Further complicating the work, UHAI EASHRI is a participatory grantmaker, one of the first of its kind in the human rights philanthropic sector. It makes grants from the perspective of activists rather than the philanthropists; to remove the disconnect between where the money comes from and where the work happens. In my role I raised money while making clear to the donors it was the beneficiary communities themselves who would be the decision-makers on what the money would be used for and by whom. That’s a significant power shift, and I needed to make sure that shift was authentic, and doing that is really, really difficult considering how much power donors want to wield in philanthropic relationships.
I was so physically and emotionally burned out by the time I was introduced to The Wellbeing Project, that I could almost smell the smoke. I had not taken time off work or vacation time in seven years. It felt impossible to take a break while terrible homophobic laws were being debated and passed in African legislatures, while the space for democracy and dissent was shrinking, and while at the same time fundraising and trying to ensure that activists had the resources they need and that staff got paid.
When I showed up at the initial retreat for The Wellbeing Project, the first thing the organizers asked us to do was introduce ourselves to the group without talking about our work. That was the beginning of the wellbeing shift for me. I had been consumed by my work and responsibilities my entire life. For the first time I was asked, ‘Who am I when I am not at work? Who am I when I am not doing this?’
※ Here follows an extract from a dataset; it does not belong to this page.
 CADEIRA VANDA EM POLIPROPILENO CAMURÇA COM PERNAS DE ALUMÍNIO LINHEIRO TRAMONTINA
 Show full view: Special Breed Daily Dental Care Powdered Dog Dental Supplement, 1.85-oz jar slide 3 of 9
The Wellbeing Project created space for me to interrogate myself and discover who I was outside of all the responsibilities I had. I was able to ask myself who I was when I was not an activist, mobilising action and raising resources.’ I asked myself, ‘What brings me joy that doesn’t have to do with the movements I serve? What brings me sorrow that doesn’t have to do with the work?’ I began to search for those things, people, and places that bring me joy.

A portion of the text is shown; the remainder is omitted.